Nottinghamshire PCC Paddy Tipping will brave a potentially chilly night under the stars to help homeless people to rebuild their lives. Commissioner Tipping will join nearly 100 other volunteer rough sleepers at the rearranged ninth annual Mansfield Big Snore, organised by Framework Housing Association, on the night of Friday 1 March. He said, "People sleeping rough, those who have nowhere to call home are some of the most vulnerable in our society. They are at an increased risk of being mugged, robbed and abused and we need to help them regain their footing in society, with a home and job to call their own." The SFC network lead for Notinghamshire is NAVCA member One East Midlands.
South West Forum has created a dedicated webpage and emailed its contacts outlining opportunities and challenges arising from the change from Police Authorities to elected Police and Crime Commissioners, providing contact details for the local NAVCA members leading the SFC Networks in each of its police force areas and including links to both NAVCA's SFC webpages and the Clinks website.
South Yorkshire's Safer Future Communities network is led by NAVCA member Voluntary Action Sheffield. South Yorkshire's PCC Shaun Wright has his own website where he publishes his surgery details, and a twitter account.

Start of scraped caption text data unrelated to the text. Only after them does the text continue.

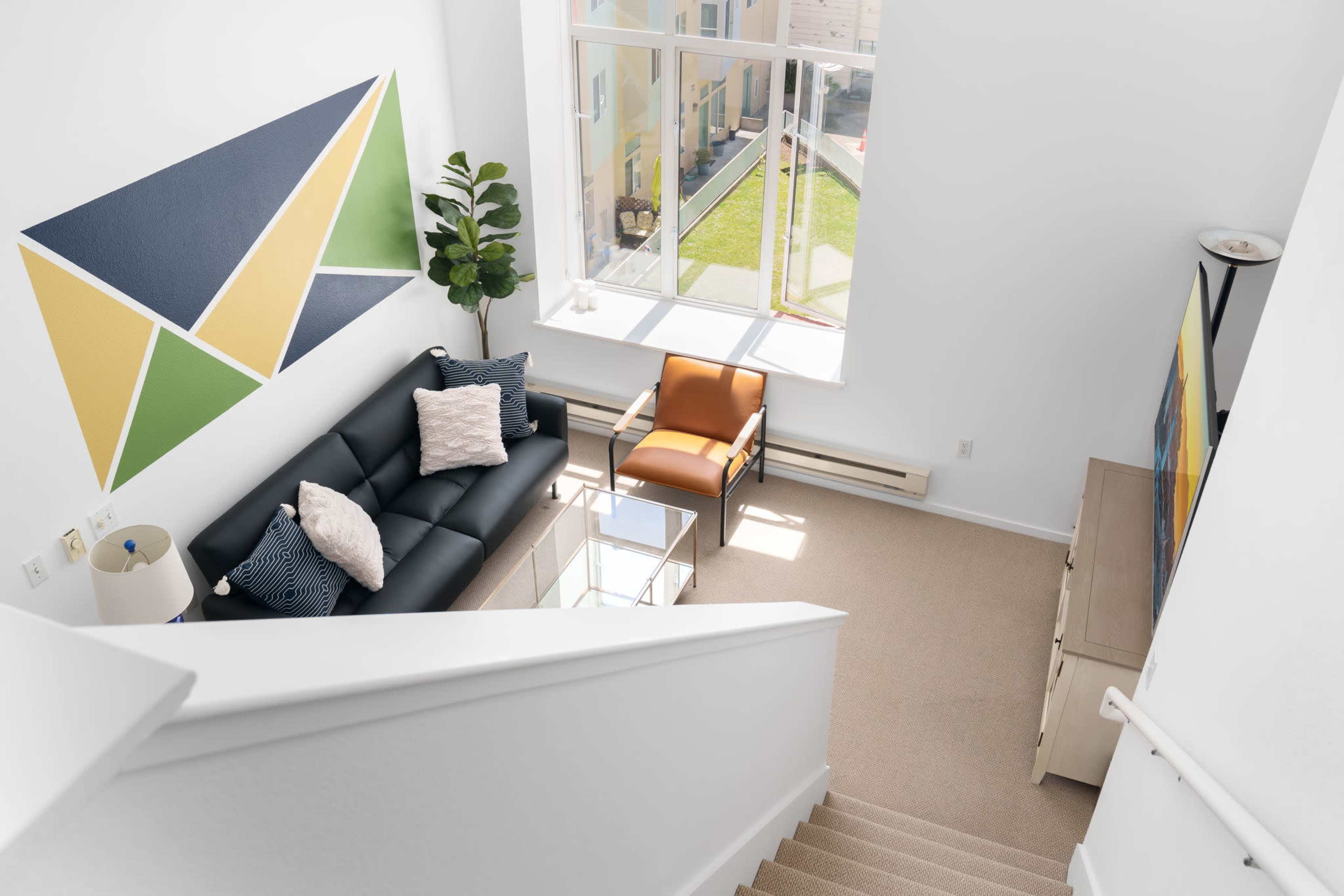 A modern living room with a black sofa, an orange armchair, a glass coffee table, and a large window offering a view of the outdoors.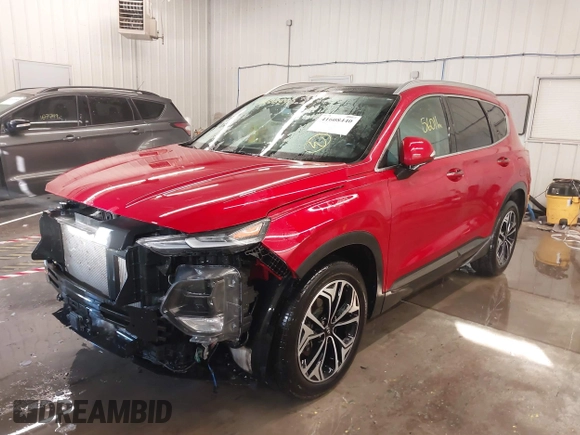 2020 Hyundai Santa Fe Limited with VIN 5NMS53AA0LH293308, listed as a IAAI auction lot 41608440 with 56,011 mi miles and . Bid and sale history available at DreamBid. Image 18.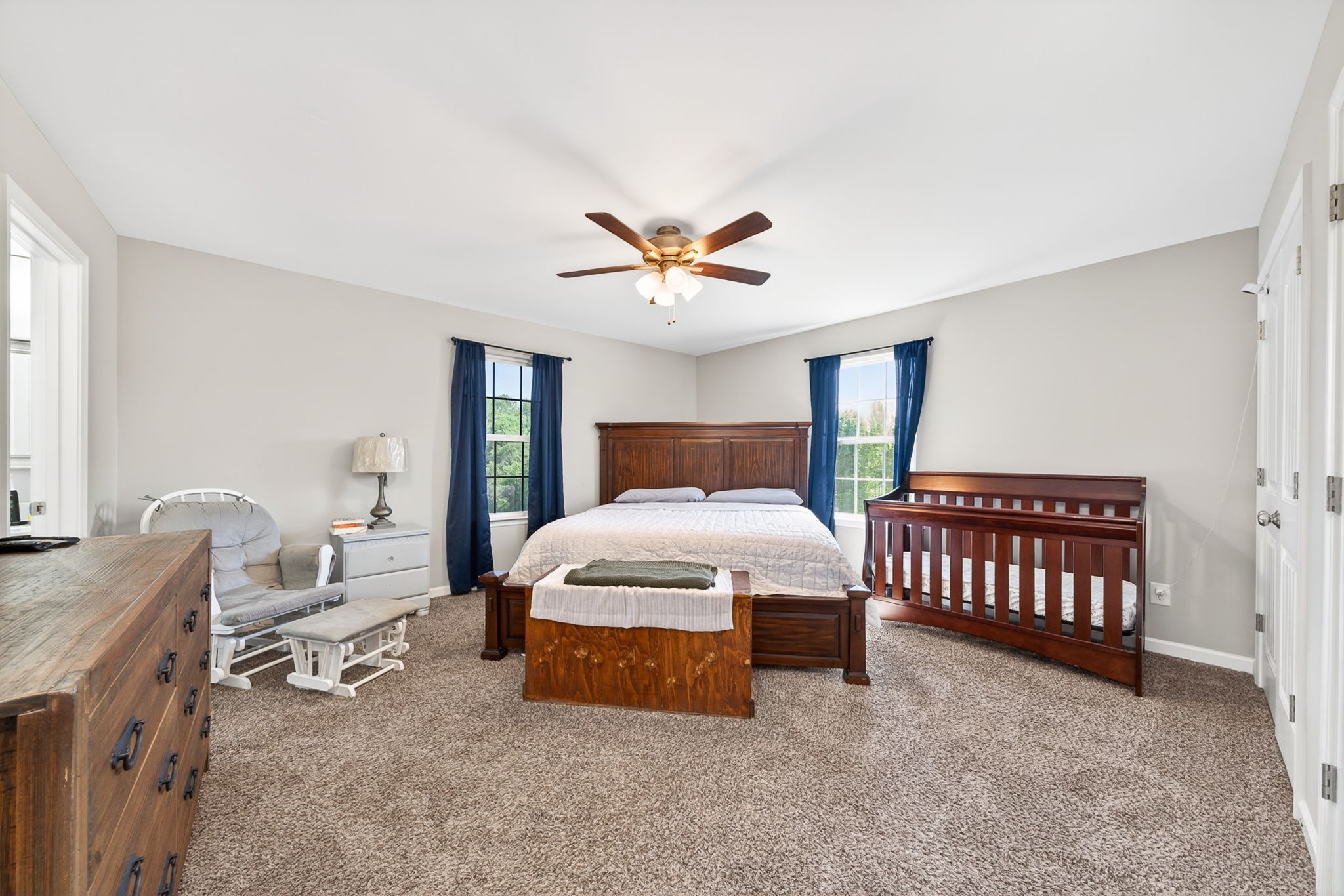 144 Liberty Road Sparta, TN 38583 - Photo 7 of 24 a spacious bedroom with a bed and a table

Commissioner Wright has published his draft Police and Crime Plan for 2013-2017. Although the budget for the police will be reducing by 7.2% across South Yorkshire, he will protect neighbourhood policing. The number of support staff will be reduced but the number of police officers will remain the same. In addition there will be recruitment of an additional 200 Special Constables over the next two years as the South Yorkshire force has a low number compared to other forces.
Commisioner Wright has also announced a small grants scheme offering non-profit voluntary and community organisations throughout South Yorkshire the chance to apply for £10,000-£50,000 to help towards their projects. He has now published a reflection on his first one hundred days in office.
South Yorkshire's Police and Crime Panel publishes its meeting documents online.
The Police and Crime Commissioner (PCC) for Thames Valley, Anthony Stansfield, has committed to maintaining the local Safer Future Communities network, managed by NAVCA member Oxfordshire Community and Voluntary Action (OCVA), for a further year from his own budget. His support will at least match the £6,000 provided by the Home Office in the first year of the project. Commissioner Stansfield recognises the advantages of having a single organisation to filter and channel all the individual communications and requests for funding submitted by voluntary and community groups, and to facilitate his communication with them. It is to be hoped that other PCCs will follow his lead.
West Yorkshire's PCC Mark Burns-Williamson launched his Police and Crime Plan on 27 March 2013. Anyone interested in the Plan is invited to discuss it on the Commissioner's facebook page and on twitter.
Wiltshire and Swindon
Wessex Community Action has produced Building Stronger and Safer Communities: a quick guide to the voluntary and community sector in Wiltshire & Swindon for prospective Police and Crime Commissioners. This was included in the briefing pack which Wiltshire Police Authority prepared for PCC candidates and may be downloaded from the Safer Future Communities Wiltshire & Swindon website.